The high levels of hormones during pregnancy affects memory and could have a lasting affect on a woman’s brain. Research indicates that these hormones can alter the structure of key parts of the central nervous system. These findings could help settle the debate over whether hormone replacement therapy in menopausal women changes the risk of developing Alzheimer’s disease in later life.
The study looked at two oestrogen hormones commonly used as treatment for menopausal women. The experiments were carried out on laboratory rats. However, the results are applicable to humans, the scientists said, since the same hormones and brain cells are involved. Researchers found that these hormones could have a complex effect on women, depending on their age and whether or not they had previously given birth.
The researchers found that the surge in oestrogen hormones during pregnancy can alter “neuroplasticity” or the re-growth of nerve cells in a part of the brain called the hippocampus. The hippocampus is responsible for aspects of memory and spatial awareness.

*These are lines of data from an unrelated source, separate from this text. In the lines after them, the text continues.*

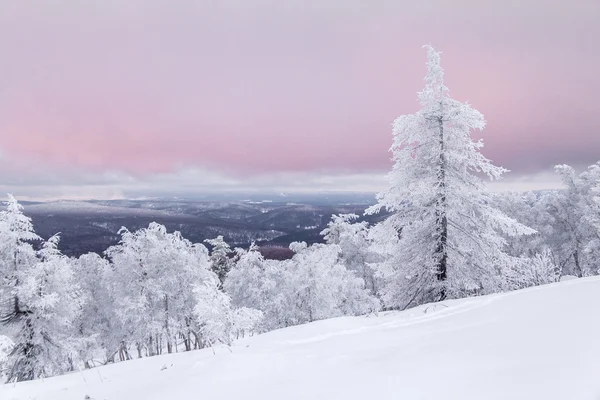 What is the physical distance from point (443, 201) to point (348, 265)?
884 inches

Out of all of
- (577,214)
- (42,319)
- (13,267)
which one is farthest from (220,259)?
(577,214)

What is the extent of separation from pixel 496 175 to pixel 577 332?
30.1 ft

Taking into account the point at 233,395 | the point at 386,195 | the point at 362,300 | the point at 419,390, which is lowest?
the point at 362,300

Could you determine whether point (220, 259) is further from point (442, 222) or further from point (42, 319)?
point (442, 222)

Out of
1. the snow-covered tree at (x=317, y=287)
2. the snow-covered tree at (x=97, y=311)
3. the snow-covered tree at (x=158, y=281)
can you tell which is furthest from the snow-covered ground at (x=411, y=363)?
the snow-covered tree at (x=97, y=311)

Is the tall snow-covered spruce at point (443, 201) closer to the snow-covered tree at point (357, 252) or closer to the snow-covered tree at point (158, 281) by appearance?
the snow-covered tree at point (158, 281)

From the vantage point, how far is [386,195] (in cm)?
1285

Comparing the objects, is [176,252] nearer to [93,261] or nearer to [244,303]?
[244,303]

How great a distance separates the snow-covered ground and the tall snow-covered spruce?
498cm

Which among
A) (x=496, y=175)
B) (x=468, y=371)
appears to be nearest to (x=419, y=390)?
(x=468, y=371)

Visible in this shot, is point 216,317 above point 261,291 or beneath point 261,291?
above

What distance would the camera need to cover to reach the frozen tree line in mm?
12211

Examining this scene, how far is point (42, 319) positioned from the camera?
61.1 ft

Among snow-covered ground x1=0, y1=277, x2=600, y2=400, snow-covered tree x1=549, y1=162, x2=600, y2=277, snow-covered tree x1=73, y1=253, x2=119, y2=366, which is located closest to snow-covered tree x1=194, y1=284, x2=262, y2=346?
snow-covered ground x1=0, y1=277, x2=600, y2=400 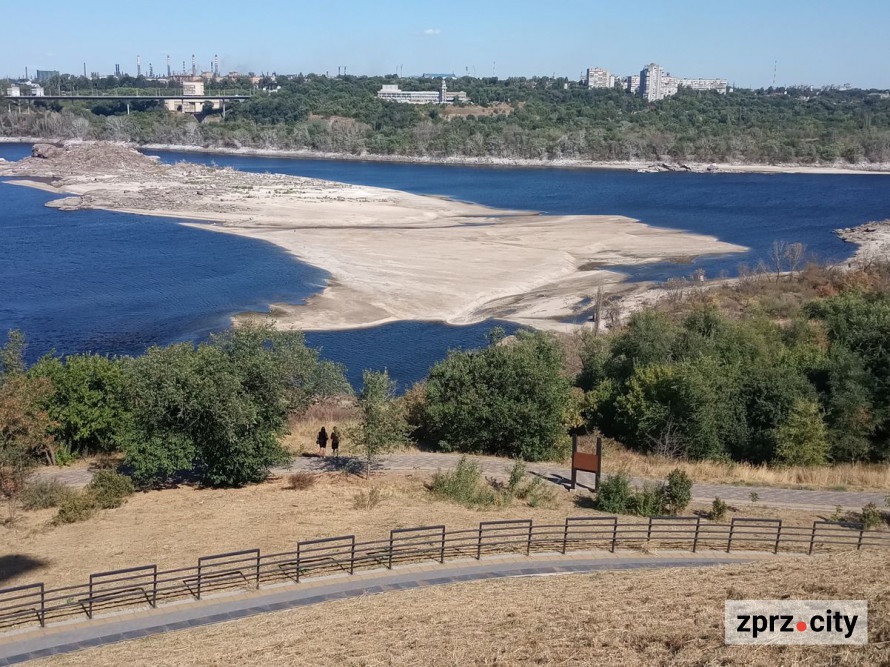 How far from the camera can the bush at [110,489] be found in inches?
850

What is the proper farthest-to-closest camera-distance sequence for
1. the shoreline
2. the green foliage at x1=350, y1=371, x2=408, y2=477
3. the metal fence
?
1. the shoreline
2. the green foliage at x1=350, y1=371, x2=408, y2=477
3. the metal fence

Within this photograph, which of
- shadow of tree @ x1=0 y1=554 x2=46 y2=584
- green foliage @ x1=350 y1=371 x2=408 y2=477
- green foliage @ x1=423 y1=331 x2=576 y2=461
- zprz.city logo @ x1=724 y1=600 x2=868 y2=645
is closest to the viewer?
zprz.city logo @ x1=724 y1=600 x2=868 y2=645

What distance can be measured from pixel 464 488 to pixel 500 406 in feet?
17.7

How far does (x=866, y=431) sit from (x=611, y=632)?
18.6 metres

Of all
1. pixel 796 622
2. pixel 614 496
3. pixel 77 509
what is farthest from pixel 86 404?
pixel 796 622

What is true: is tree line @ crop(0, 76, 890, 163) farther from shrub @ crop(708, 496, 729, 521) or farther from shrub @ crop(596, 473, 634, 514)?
shrub @ crop(708, 496, 729, 521)

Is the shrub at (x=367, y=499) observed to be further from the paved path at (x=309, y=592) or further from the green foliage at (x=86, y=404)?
the green foliage at (x=86, y=404)

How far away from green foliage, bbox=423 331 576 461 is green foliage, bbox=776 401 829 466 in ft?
20.9

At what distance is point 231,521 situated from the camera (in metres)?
20.5

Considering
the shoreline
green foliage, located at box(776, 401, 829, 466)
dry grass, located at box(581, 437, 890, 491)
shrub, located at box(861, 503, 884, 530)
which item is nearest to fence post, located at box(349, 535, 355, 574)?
dry grass, located at box(581, 437, 890, 491)

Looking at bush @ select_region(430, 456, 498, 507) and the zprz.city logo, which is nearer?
the zprz.city logo

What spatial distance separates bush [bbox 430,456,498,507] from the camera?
2206 centimetres

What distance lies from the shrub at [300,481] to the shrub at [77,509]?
469 cm

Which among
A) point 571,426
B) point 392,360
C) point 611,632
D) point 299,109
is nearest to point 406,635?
point 611,632
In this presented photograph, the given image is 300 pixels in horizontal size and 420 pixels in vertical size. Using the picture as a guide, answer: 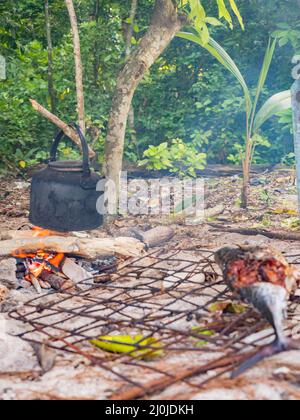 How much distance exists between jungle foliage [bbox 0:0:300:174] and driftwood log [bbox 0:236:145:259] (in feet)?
11.4

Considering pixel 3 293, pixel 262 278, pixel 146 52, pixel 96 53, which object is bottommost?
pixel 3 293

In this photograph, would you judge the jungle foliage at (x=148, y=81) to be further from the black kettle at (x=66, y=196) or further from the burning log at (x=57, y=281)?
the burning log at (x=57, y=281)

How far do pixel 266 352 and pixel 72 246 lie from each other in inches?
89.1

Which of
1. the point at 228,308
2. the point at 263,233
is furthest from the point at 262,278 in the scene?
the point at 263,233

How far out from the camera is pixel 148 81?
8.75 m

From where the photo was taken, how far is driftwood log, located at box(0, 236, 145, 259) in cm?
388

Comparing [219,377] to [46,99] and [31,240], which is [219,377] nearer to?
[31,240]

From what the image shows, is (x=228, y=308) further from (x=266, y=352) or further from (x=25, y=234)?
(x=25, y=234)

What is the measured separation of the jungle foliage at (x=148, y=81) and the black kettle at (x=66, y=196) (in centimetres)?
341

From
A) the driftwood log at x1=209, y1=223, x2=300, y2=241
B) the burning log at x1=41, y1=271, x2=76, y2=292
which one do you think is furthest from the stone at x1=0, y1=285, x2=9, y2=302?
the driftwood log at x1=209, y1=223, x2=300, y2=241

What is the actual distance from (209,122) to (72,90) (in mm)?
2353

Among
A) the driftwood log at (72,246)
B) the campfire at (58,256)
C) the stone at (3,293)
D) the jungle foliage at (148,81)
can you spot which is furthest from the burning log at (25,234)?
the jungle foliage at (148,81)

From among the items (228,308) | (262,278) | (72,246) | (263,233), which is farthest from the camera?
(263,233) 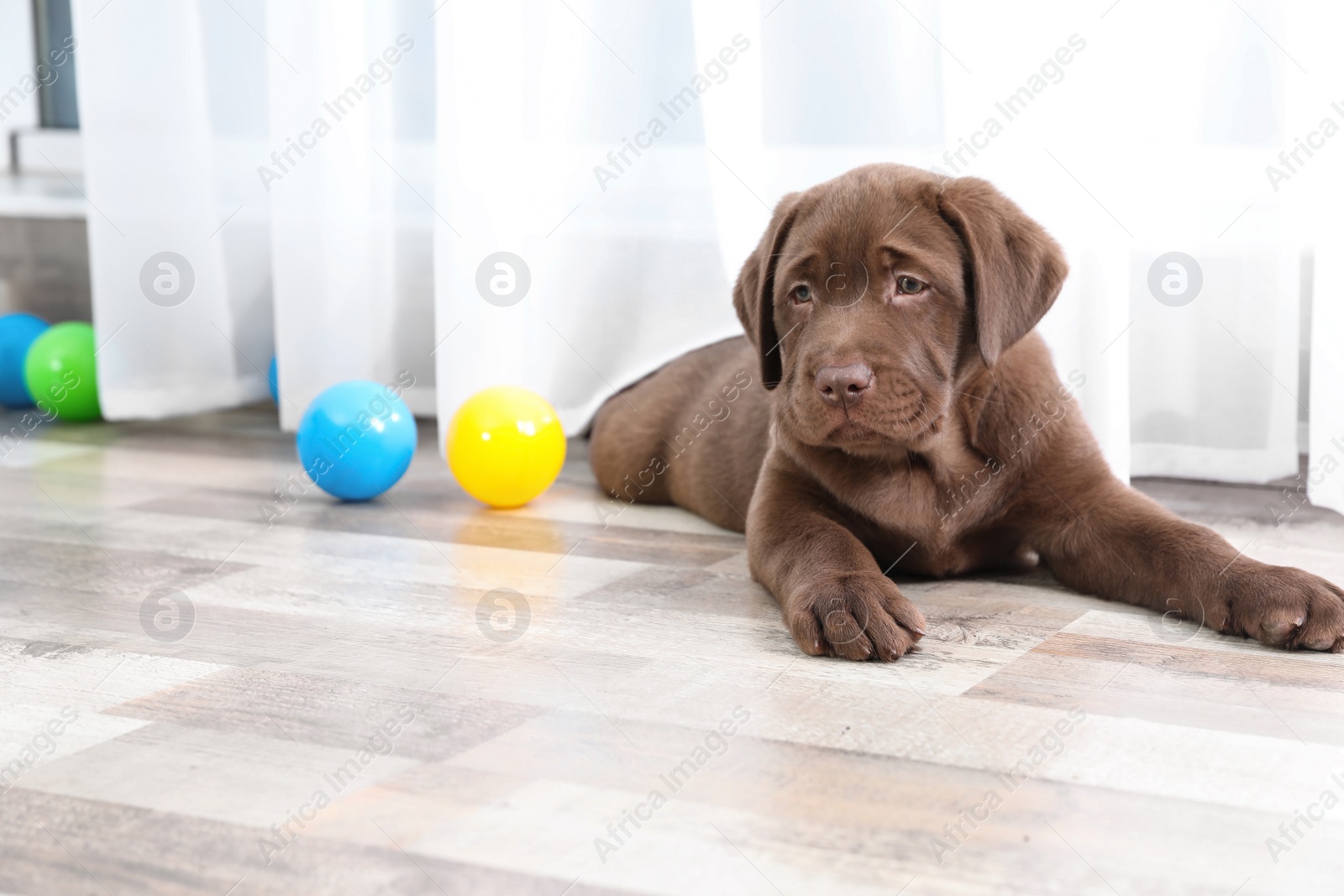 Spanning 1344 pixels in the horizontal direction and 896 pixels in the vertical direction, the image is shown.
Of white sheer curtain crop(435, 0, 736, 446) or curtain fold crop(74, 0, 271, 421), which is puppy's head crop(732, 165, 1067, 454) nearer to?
white sheer curtain crop(435, 0, 736, 446)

Liisa Galea of the University of British Columbia in Vancouver, Canada, said, “Our most recent research show that previous motherhood alters cognition and neuroplasticity in response to hormone therapy, demonstrating that motherhood permanently alters the brain. Hormones have a profound impact on our mind. Pregnancy and motherhood are life-changing events resulting in marked alterations in the psychology and physiology of women.”
“Our results argue that these factors should be taken into account when treating brain disorders in women,” she told the Canadian Association for Neuroscience.
One type of oestrogen hormone, oestradiol, was found to increase the production of new nerve cells in the hippocampus. It also appeared to increase the chances of these nerve cells surviving in the longer term.
Chronic, long-term exposure to oestradiol was seen to boost the memory of young female rats tested on how to escape from a maze. But when the rats were given oestrone, a different oestrogen hormone, which is a component of the most common forms of hormone replacement therapy, this memory boost was not present.
When oestrone was given to middle-age female rats who had given birth before, it appeared to impair the ability to learn and memorise. When given to female rats of the same age that had never given birth, the hormone therapy based on oestrone improved learning and memory as well as boosting neuroplasticity in the hippocampus. These findings suggest that pregnancy had affected the brain permanently.
Galea said that the findings suggest a possible explanation for some of the observations seen in the human female population which have been linked with pregnancy and childbirth, as well as hormone replacement therapy for menopausal women. This could have impact how age-related neurodegenerative disorders in women are treated.
“If you have given birth before, you have a better memory but experience an increased risk of developing Alzheimer’s like conditions. But we don’t know much about why this is the case,” Galea told The Independent.
When they are pregnant, women often feel that their memory is poorer. However, a couple of years after birth their memories improve. Even so, the memory of women who have given birth tends to decline faster in middle-age when compared to women who have not given birth, Galea said.
“The more children you have given birth to, the greater risk you face of getting dementia in later life. More children are probably enriching, but they are also probably more stressful,” she concluded.